The first day of the "Big Dig" was abandoned due to rain.  The following day, 4th April 2015, was a perfect digging day; warm and dry with very little wind. The first part of the site to be examined was the anomaly discovered by Wigan Archaeology geophys survey. A 3m x 2m trench was opened up and quickly is was discovered that the "feature" consisted of small stones some 37cm below the turf layer; possibly natural or more probably part of a track-way. Either way it didn't promote any great interest and, after carefully backfilling the trench and replacing the turf, we moved back to the main site.

The main part of the day was devoted to to examining three sections; the northern side to discover the full extent of the site; an area in the centre which was hypothesised to be part of the kin due to the number of kiln tiles appearing in it; and the nearest area to where the mill wheel.

a) Northern side. This turned out to be very difficult (the mattock being mislaid) and, after the turf was removed, this portion of the was site left until tomorrow.

b) The "Kiln" area. It was thought that this might have consisted of an inverted pyramid, as seen in some sites, but it wasn't to be. The brick wall was only 2 courses deep and below this was an uneven, clay floor level. It took some time to remove the rubble so metal detecting results and photographs will have to appear tomorrow.

c) The wall leading to the mill wheel was examined in more detail. The western edge seemed to have been "braced". Not surprising considering the bowing of the wall. The floor was cleared and cleaned.
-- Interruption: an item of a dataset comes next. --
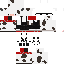 Texture for compulseira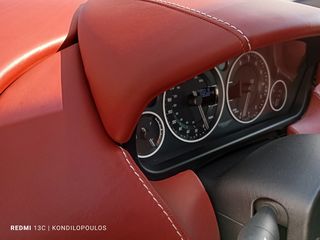 Aston Martin V8 Vantage 2016 ΣΑΝ ΚΑΙΝΟΥΡΓΙΟ!ΕΛΛΗΝΙΚΟ-thumb-26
It was then recorded.

West wall prior to clearing.

There was a suggestion that the "Kiln" area might have been boarded over (flakes of wood being found in the demolition debris) and, on further consideration, might have continued all the way to the cheese press (seen just in front of blue tarpaulin at top left above) - all of this being at the same height and the majority of the brickwork looking very similar.